## What you are asked to do
Exactly as they appear below, repeat the lines from the one with "bedroom featuring multiple" through the one with "University of Manchester". Drop every picture.

## Source material
•••••
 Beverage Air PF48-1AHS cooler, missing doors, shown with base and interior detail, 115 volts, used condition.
•••••
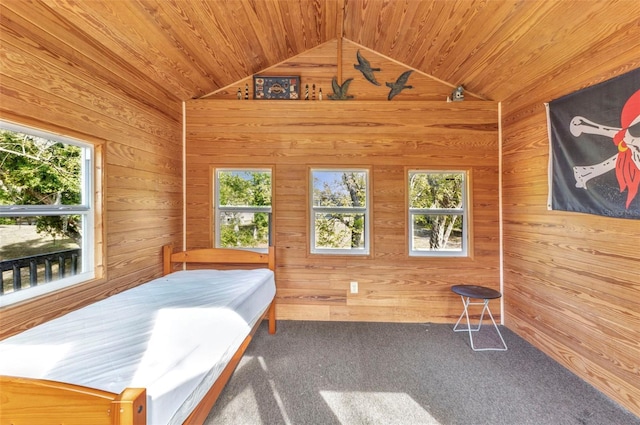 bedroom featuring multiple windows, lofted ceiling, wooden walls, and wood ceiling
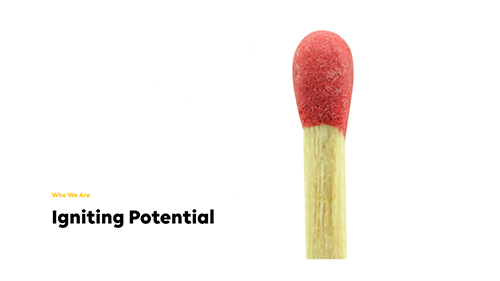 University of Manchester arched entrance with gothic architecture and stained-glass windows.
•••••
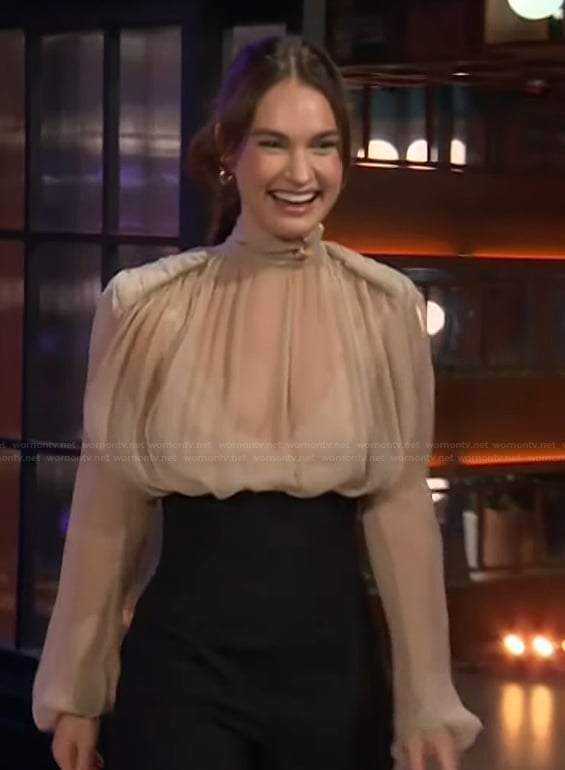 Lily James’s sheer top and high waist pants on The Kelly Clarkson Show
•••••
## Worked solution
 bedroom featuring multiple windows, lofted ceiling, wooden walls, and wood ceiling
 University of Manchester arched entrance with gothic architecture and stained-glass windows.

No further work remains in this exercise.